# What is being asked:
Omitting any pictures, transcribe the entries below exactly.
━━ Recorded information ━━
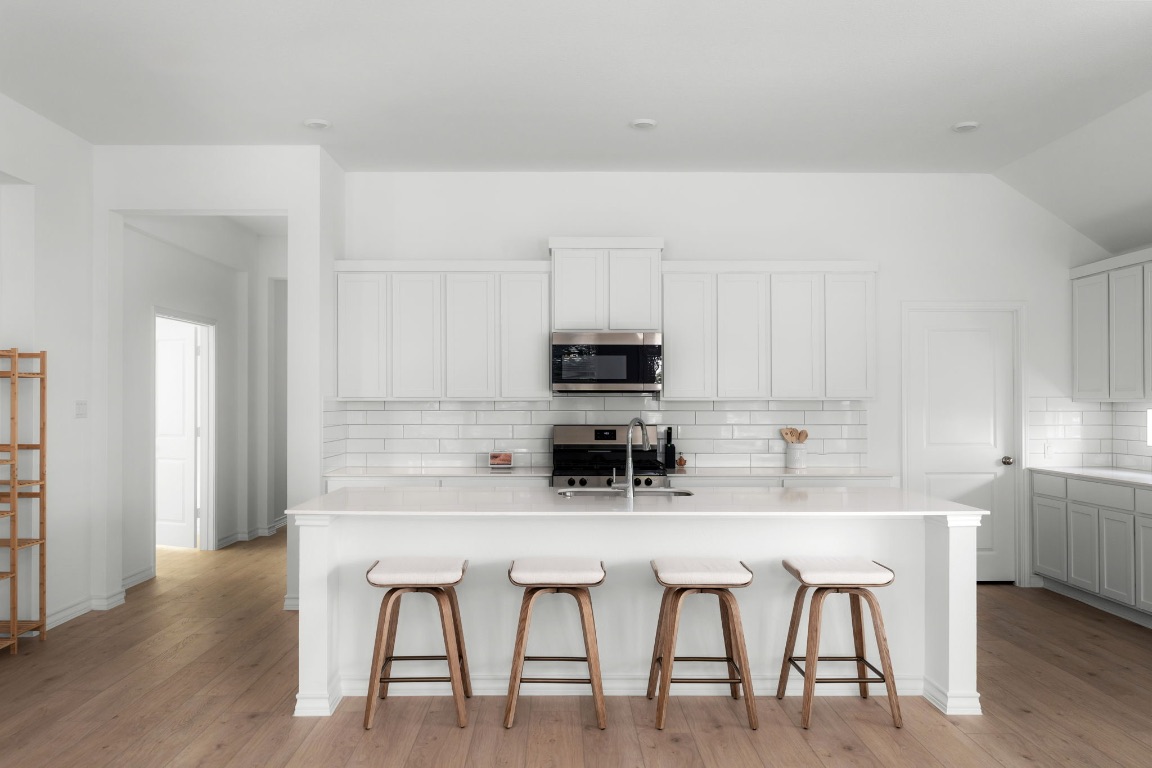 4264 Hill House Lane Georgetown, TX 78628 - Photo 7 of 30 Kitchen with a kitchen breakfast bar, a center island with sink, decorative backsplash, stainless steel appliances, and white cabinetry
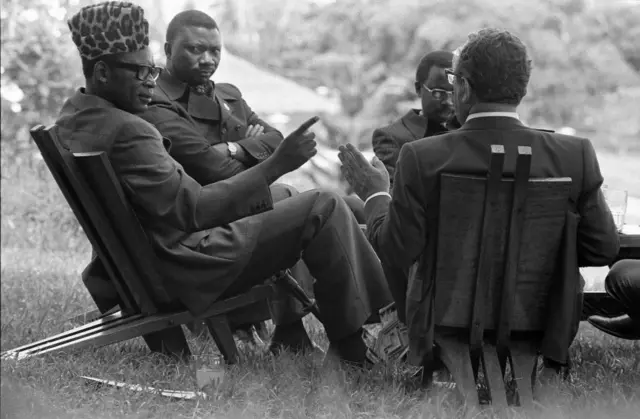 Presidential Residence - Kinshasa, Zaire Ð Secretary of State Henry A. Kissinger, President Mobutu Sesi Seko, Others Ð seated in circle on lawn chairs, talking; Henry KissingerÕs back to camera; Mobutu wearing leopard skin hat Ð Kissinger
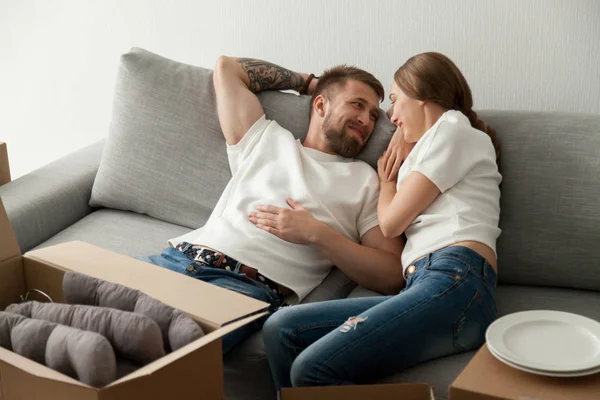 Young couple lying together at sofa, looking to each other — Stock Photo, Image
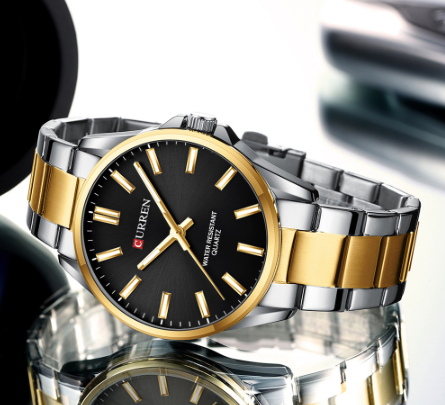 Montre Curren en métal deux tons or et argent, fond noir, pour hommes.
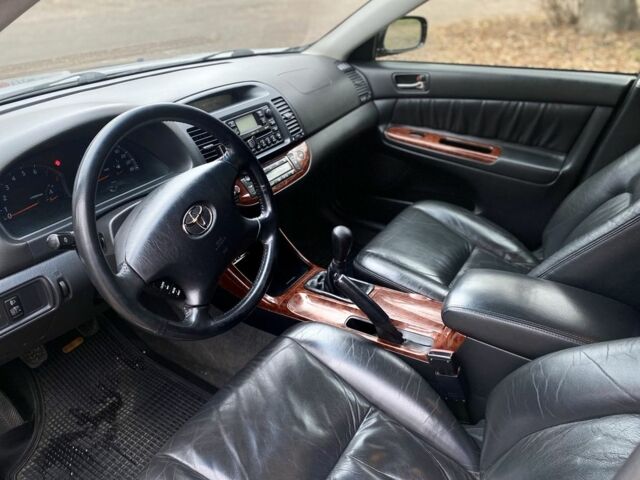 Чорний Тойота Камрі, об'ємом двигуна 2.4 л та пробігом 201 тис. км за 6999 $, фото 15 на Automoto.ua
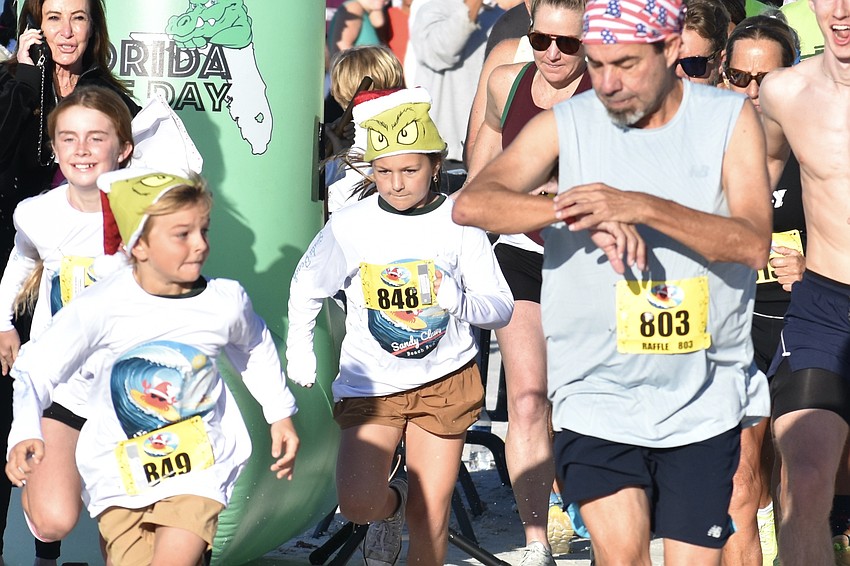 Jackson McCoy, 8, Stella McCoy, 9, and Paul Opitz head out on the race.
━━━
# Answer space:
 4264 Hill House Lane Georgetown, TX 78628 - Photo 7 of 30 Kitchen with a kitchen breakfast bar, a center island with sink, decorative backsplash, stainless steel appliances, and white cabinetry
 Presidential Residence - Kinshasa, Zaire Ð Secretary of State Henry A. Kissinger, President Mobutu Sesi Seko, Others Ð seated in circle on lawn chairs, talking; Henry KissingerÕs back to camera; Mobutu wearing leopard skin hat Ð Kissinger
 Young couple lying together at sofa, looking to each other — Stock Photo, Image
 Montre Curren en métal deux tons or et argent, fond noir, pour hommes.
 Чорний Тойота Камрі, об'ємом двигуна 2.4 л та пробігом 201 тис. км за 6999 $, фото 15 на Automoto.ua
 Jackson McCoy, 8, Stella McCoy, 9, and Paul Opitz head out on the race.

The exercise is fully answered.